BKO: BANGKOK KNOCKOUT (Thailand, 2011)
Directed by: Panna Rittikrai, Morakot Kaewthanee
Starring: Chatchapol Kulsiriwoottichai, Sarawoot Kumsorn, Speedy Arnold, Sorapong Chatree
You might look at the trailer for this movie and say, "What? Another Thai action movie where a bunch of fearless performers risk death for my enjoyment? Boooooring." But BKO: BANGKOK KNOCKOUT pushes its brief to such dizzying heights of physical peril that even the most jaded moviegoer will be a nervous wreck by the time it ends. "Did that guy just fall 50 feet onto concrete? Did that dude just get set on fire? When are they going to put him out? Did those guys just perform a fight scene underneath moving truck?!" Yes. Yes, they did, and we haven't even gotten to the part where a bunch of dudes fight each other with motorcycles.
Clearly, this is why movies were invented.
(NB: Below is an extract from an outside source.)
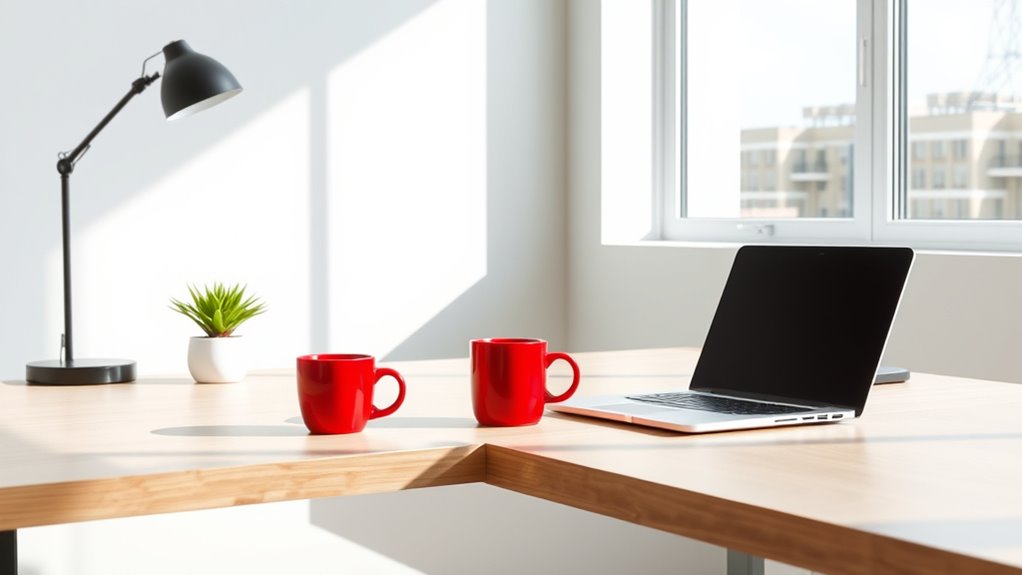 colorful minimal workspace design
The demented lovechild of Morakot Kaewthanee (writer of 2004's blitzkrieg, martial arts jam film Born to Fight) and Panna Rittikrai (daddy of modern Thai action cinema, and mentor of sometime-monk Tony Jaa), BKO tells the touching story of a group of aspiring stuntmen who can't wait to go Hollywood. Unfortunately, the world has other plans. Plans like drugging them, dropping them into a warehouse populated by psychotic murderers and betting on the outcome for fun. It's The Most Dangerous Game with a healthy side of head trauma as these intrepid scrappers kick their way to freedom one death-car, one axe-wielding maniac, one high-kicking transvestite at a time. Rittikrai and Kaewthanee didn't bother to cast any actors in this, instead they turned over the movie to a dirty dozen of the best stuntmen and women in Thailand, the ones who never get their names on the posters. Together they've created a jaw-dropping monument to these rare talents, and when the bruised, battered cast beams at the camera during the outtakes, it's obvious why: this time, they're the stars.